Using Unicode Filenames On Windows
Windows support for Unicode in the command shell (cmd.exe or powershell) is somewhat painful, because Windows uses a Windows-specific character encoding called cp1252. To use Unicode characters you need to run this command in the command shell before the first time you use gsutil in that shell:
If you neglect to do this before using gsutil, the progress messages while uploading files with Unicode names or listing buckets with Unicode object names will look garbled (i.e., with different glyphs than you expect in the output). If you simply run the chcp command and re-run the gsutil command, the output should no longer look garbled.
gsutil attempts to translate between cp1252 encoding and UTF-8 in the main places that Unicode encoding/decoding problems have been encountered to date (traversing the local file system while uploading files, and printing Unicode names while listing buckets). However, because gsutil must perform translation, it is likely there are other erroneous edge cases when using Windows with Unicode. If you encounter problems, you might consider instead using cygwin (on Windows) or Linux or MacOS - all of which support Unicode.
Using Unicode Filenames On Mac Os
MacOS stores filenames in decomposed form (also known as NFD normalization). For example, if a filename contains an accented "e" character, that character will be converted to an "e" followed by an accent before being saved to the filesystem. As a consequence, it's possible to have different name strings for files uploaded from an operating system that doesn't enforce decomposed form (like Ubuntu) from one that does (like MacOS).
The following example shows how this behavior could lead to unexpected results. Say you create a file with non-ASCII characters on Ubuntu. Ubuntu stores that filename in its composed form. When you upload the file to the cloud, it is stored as named. But if you use gsutil rysnc to bring the file to a MacOS machine and edit the file, then when you use gsutil rsync to bring this version back to the cloud, you end up with two different objects, instead of overwriting the original. This is because MacOS converted the filename to a decomposed form, and Cloud Storage sees this as a different object name.

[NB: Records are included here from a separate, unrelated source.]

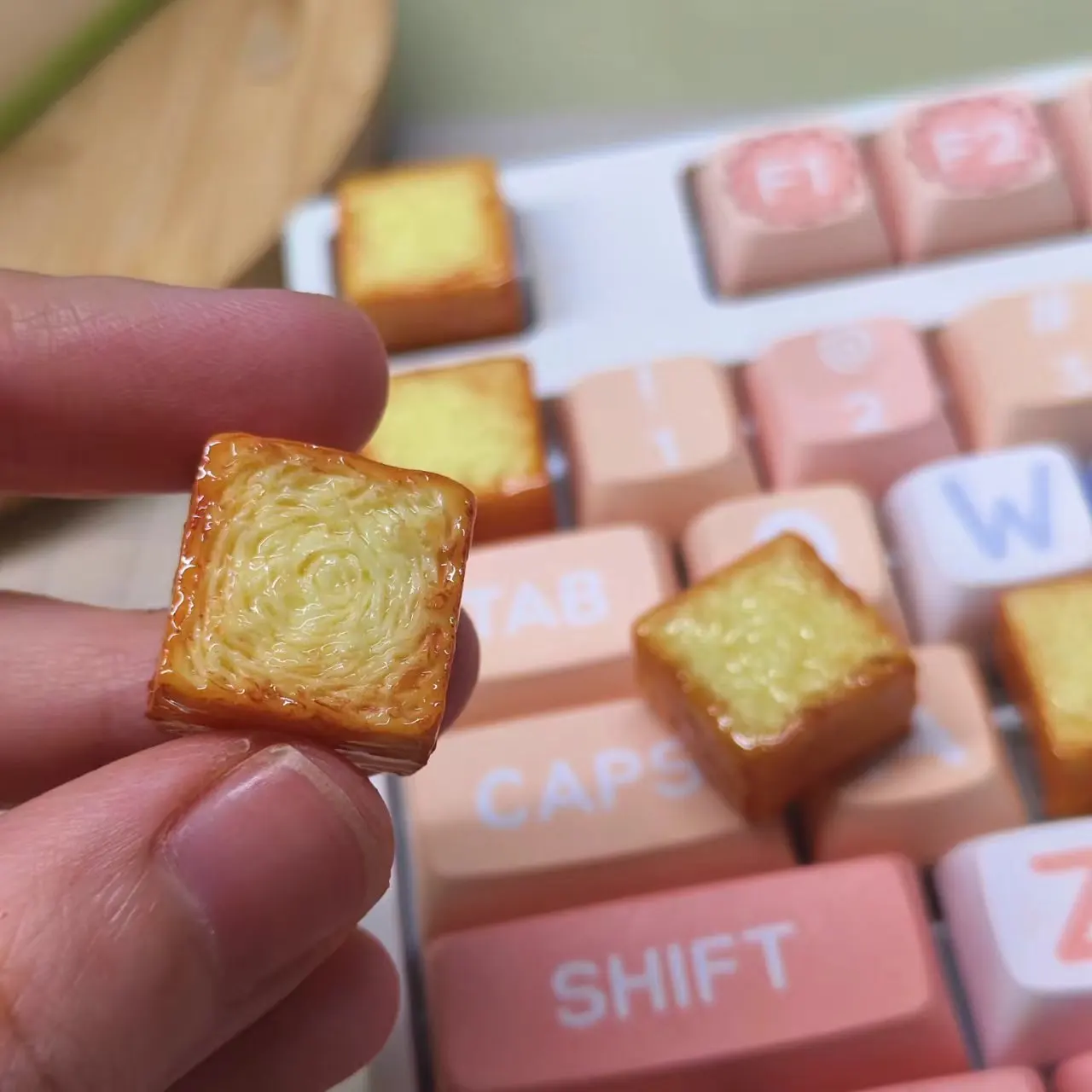 Teclas de pan tostado de pastelería DIY, botones de ordenador creativos personalizados, teclas de teclado mecánico universales - imagen 4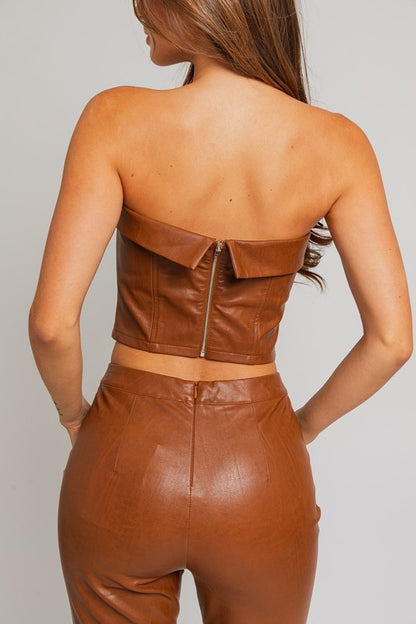 LE LIS Brown Faux Leather Corset Tube Top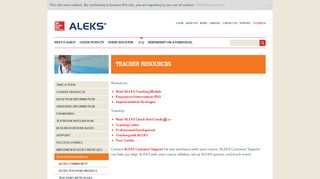 K-12 - Teacher's Resources - Aleks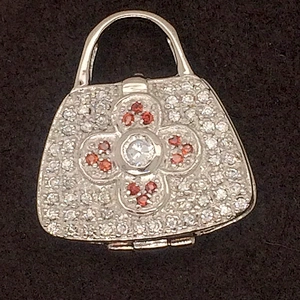 Latest Ladies Fashion 925 Sterling Silver Red Cz Four-Leaf Flower Mini Bag Pendant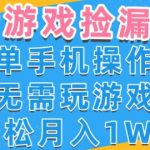 游戏自动捡漏暴利项目！新手零基础日赚500+全攻略 不玩游戏躺着赚钱秘籍大公开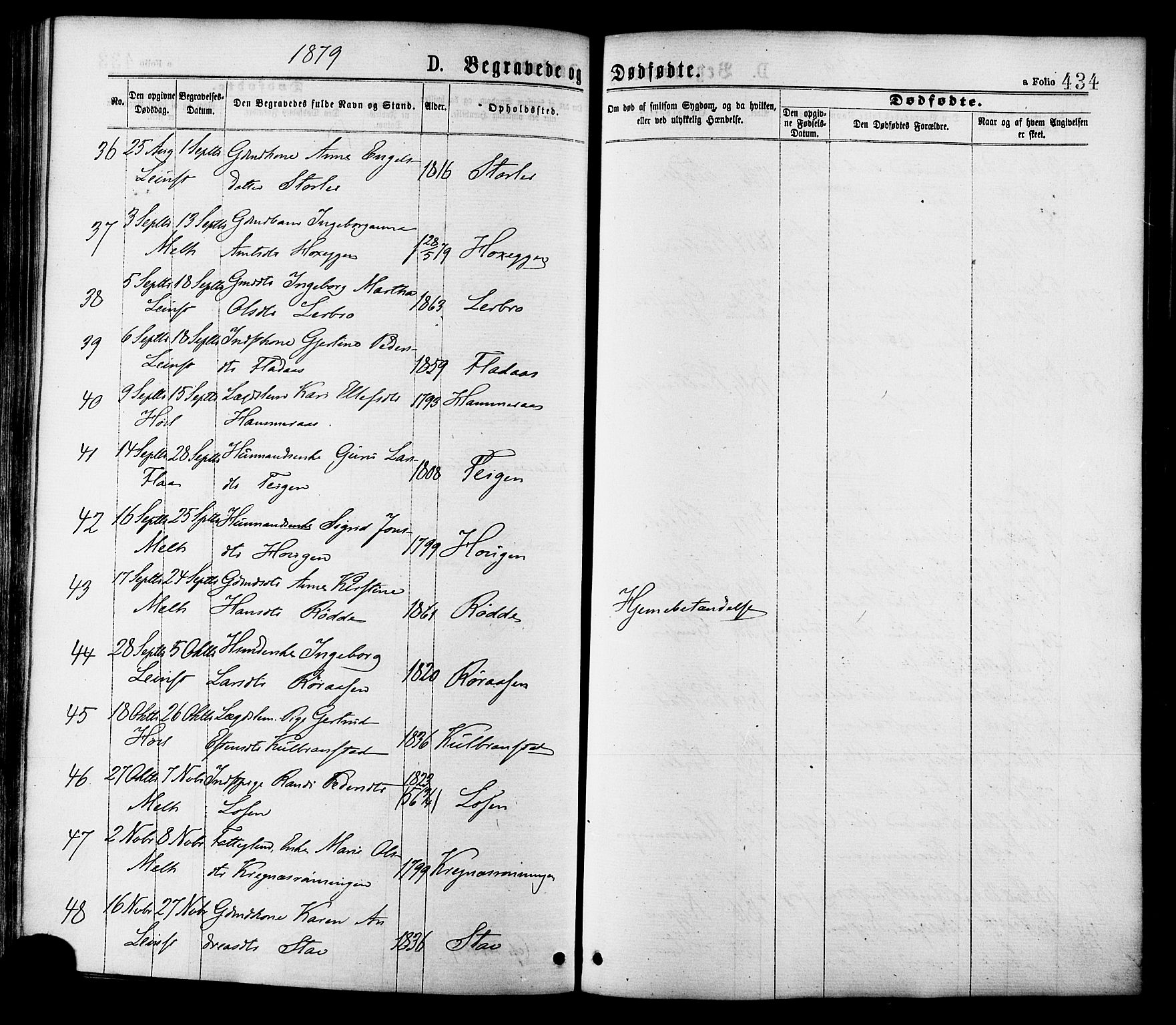 Ministerialprotokoller, klokkerbøker og fødselsregistre - Sør-Trøndelag, SAT/A-1456/691/L1079: Parish register (official) no. 691A11, 1873-1886, p. 434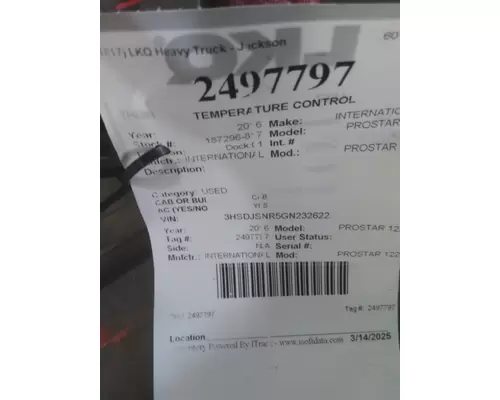 INTERNATIONAL PROSTAR 122 TEMPERATURE CONTROL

Cross-Platform Encoding Problems Of Which To Be Aware
Using UTF-8 for all object names and filenames will ensure that gsutil doesn't encounter character encoding errors while operating on the files. Unfortunately, it's still possible that files uploaded / downloaded this way can have interoperability problems, for a number of reasons unrelated to gsutil. For example:
- Windows filenames are case-insensitive, while Google Cloud Storage, Linux, and MacOS are not. Thus, for example, if you have two filenames on Linux differing only in case and upload both to Google Cloud Storage and then subsequently download them to Windows, you will end up with just one file whose contents came from the last of these files to be written to the filesystem.
- Mac OS performs character encoding decomposition based on tables stored in the OS, and the tables change between Unicode versions. Thus the encoding used by an external library may not match that performed by the OS. It is possible that two object names may translate to a single local filename.

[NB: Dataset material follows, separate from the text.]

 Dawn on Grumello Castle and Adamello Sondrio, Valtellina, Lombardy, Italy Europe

- Windows console support for Unicode is difficult to use correctly.
For a more thorough list of such issues see this presentation
These problems mostly arise when sharing data across platforms (e.g., uploading data from a Windows machine to Google Cloud Storage, and then downloading from Google Cloud Storage to a machine running MacOS). Unfortunately these problems are a consequence of the lack of a filename encoding standard, and users need to be aware of the kinds of problems that can arise when copying filenames across platforms.
There is one precaution users can exercise to prevent some of these problems: When using the Windows console specify wildcards or folders (using the -R option) rather than explicitly named individual files.